[In early March] I had the grand opportunity to see the famous city. Although it couldn’t actually be described as beautiful at this time of year with its barren trees and blackout, it is easy to see why “Paris in the spring” would be one of the most beautiful cities in the world.
Paris at night lives up to its gay reputation with its riské Follies Bergere and Cassinade Paris, where the most beautiful scenery and costumes I have ever seen vie with the casual nudity of the female cast for the center of attention, the latter taking the lead at the start, but the former holding its own at the finish. Aside form the shows, there are the ever-present taxi-girls who ply their trade, aided by the blackout, and strangely enough with a finesse that is so casual as to seem entirely acceptable, even to a stranger in Paris.
In addition to all these familiar Parisian highlights, one could discern the unmistakable effect of the war: soldiers roaming the streets, filling the shows and bars and subways, are the only ones who appear to be spending any money.

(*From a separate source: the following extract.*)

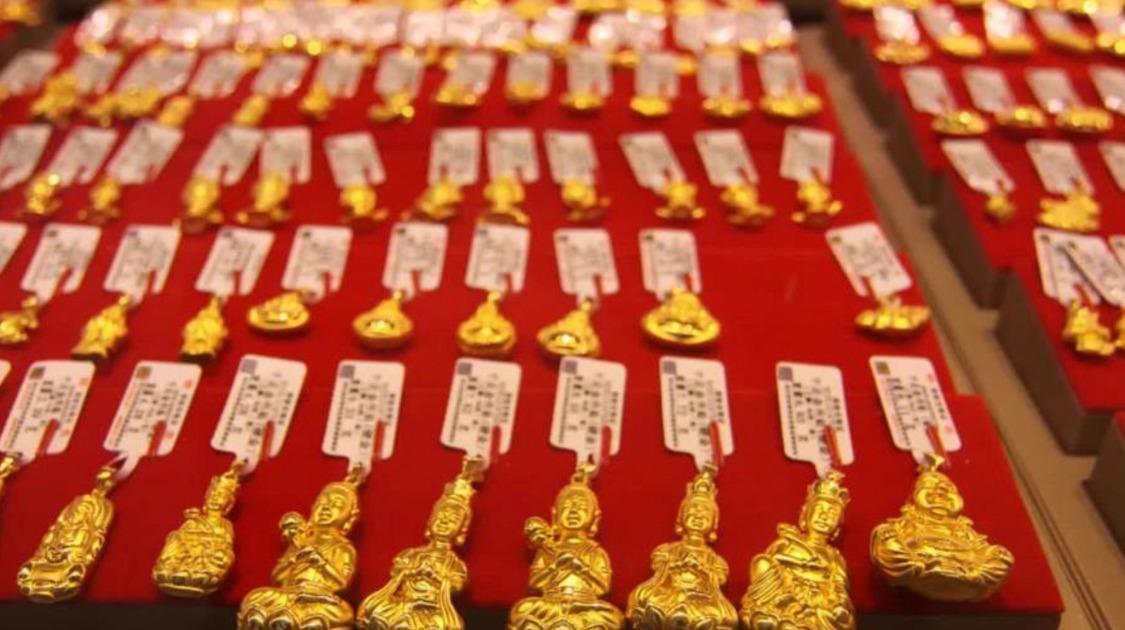 国内金饰4天跌近50元，黄金终于要迎来降价了吗？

Civilians going about their business with unsmiling faces, men in drab and worn clothes; women doing their utmost to maintain their reputation as the best-dressed in the world with their fancy hairdos and fantastic hats, make-up and perfume a little more than discreet. One is impressed with the small stature of the Parisians, a reflection of their tremendous sacrifice of the flower of their youth in former wars.
A description of Paris would not be complete without mentioning the ubiquitous and familiar sidewalk urinals. Startled at first by such casualness, I soon found myself using them when urgency overcame modesty.
And last but not least of the familiar aspects is the Parisian cabby. It is worth one’s life to ride in or attempt to cross the street when a cab is on the loose. With throttle down and horn tooting, it’s every man for himself.